The latest IUCN red list brought bad news for the world’s seabirds. Several species joined the list as climate change and commercial fishing continue to impact the birds. The black-legged Kittiwake and Cape Gannet have moved closer to extinction and many of our treasured birds are now endangered. But amidst the worrying headlines in 2017, a little good news has emerged.
 

Conservation and Recovery


Conservation efforts have seen the numbers of some species rise and that trend looks set to continue with the establishment of a marine special protected area (SPA) in Cornwall. Little terns and black-throated divers are among the seabirds which will enjoy greater protection. The new designated area stretches for 24 miles between Falmouth Bay and St Austell Bay and is home to more than 150,000 rare seabirds.

Avian Visitors to Cornwall


In addition to the native species, Cornwall receives many migrating visitors including great northern divers and Eurasian spoonbills. These birds are amber-listed by conservation groups because their numbers have fallen significantly in recent years and their ranges have been reduced.

The Cornwall SPA


The new SPA covers a vast area and has been established to minimise the disturbance to the birds which feed in the region. Many birds also use the Cornish coast as a safe haven during the winter months. It is a wonderful place for bird-watchers to view rare species which have been blown off course or which are making unscheduled pit-stops to rest.

23% of British waters were already protected under the UK Blue Belt programme which includes more than 300 sites across the country. But the new SPA is an important addition. Environment minister Thérèse Coffey said that the BBC series Blue Planet II has proved to be a key influence in the efforts to expand the nation’s conservation areas.

The Great Northern Diver


The increased protection for marine wildlife in Cornwall was in part inspired by the need to support the great northern diver, a distinctive coastal bird which visits the UK in winter. Roughly 2,500 of these birds arrive every year, most heading for Scotland. But a small population visits Cornwall to dive for fish and shellfish.

Further Conservation Efforts


The Cornish protected area will be followed by a further marine SPA in the Irish Sea between the Isle of Man and Anglesey.
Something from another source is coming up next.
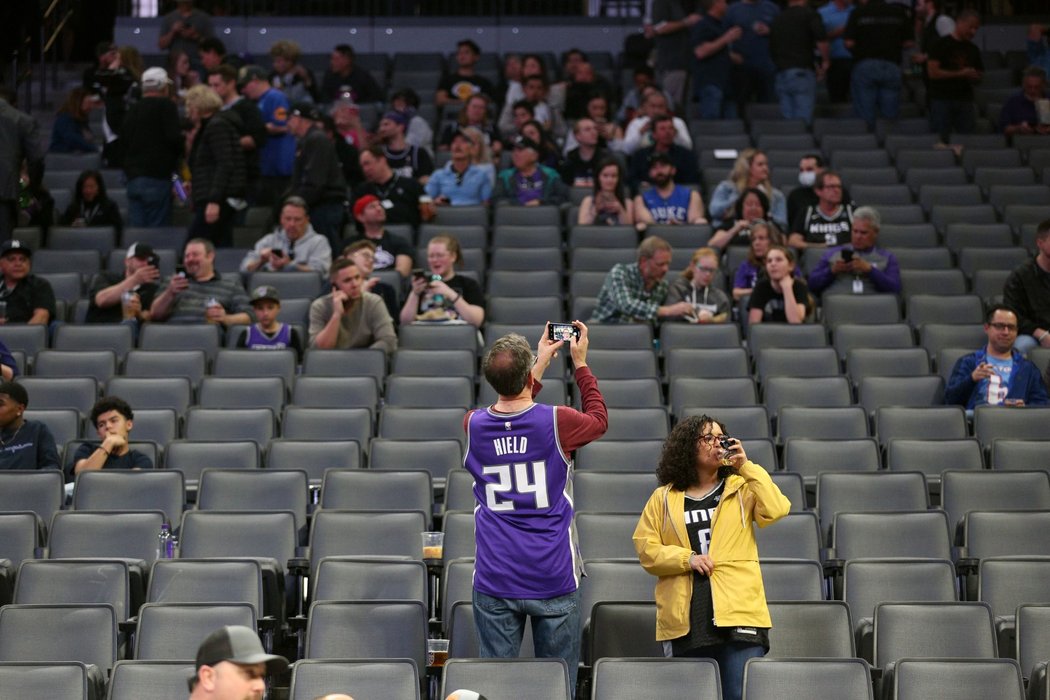 Basketbalová NBA přerušila sezonu.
This region is home to the largest known population of Manx shearwaters. The bird takes its name from its method of flying which involves gliding on straight wings before banking or "shearing" over the water. The new SPA will help to protect up to 12,000
of the birds.

The Blue Belt is a hugely important aspect of protecting the UK’s wildlife and any expansions are welcome. Hopefully more species will thrive as result of the latest additions to the Blue Belt and future generations will be able to see and enjoy the majestic seabirds in their natural habitats.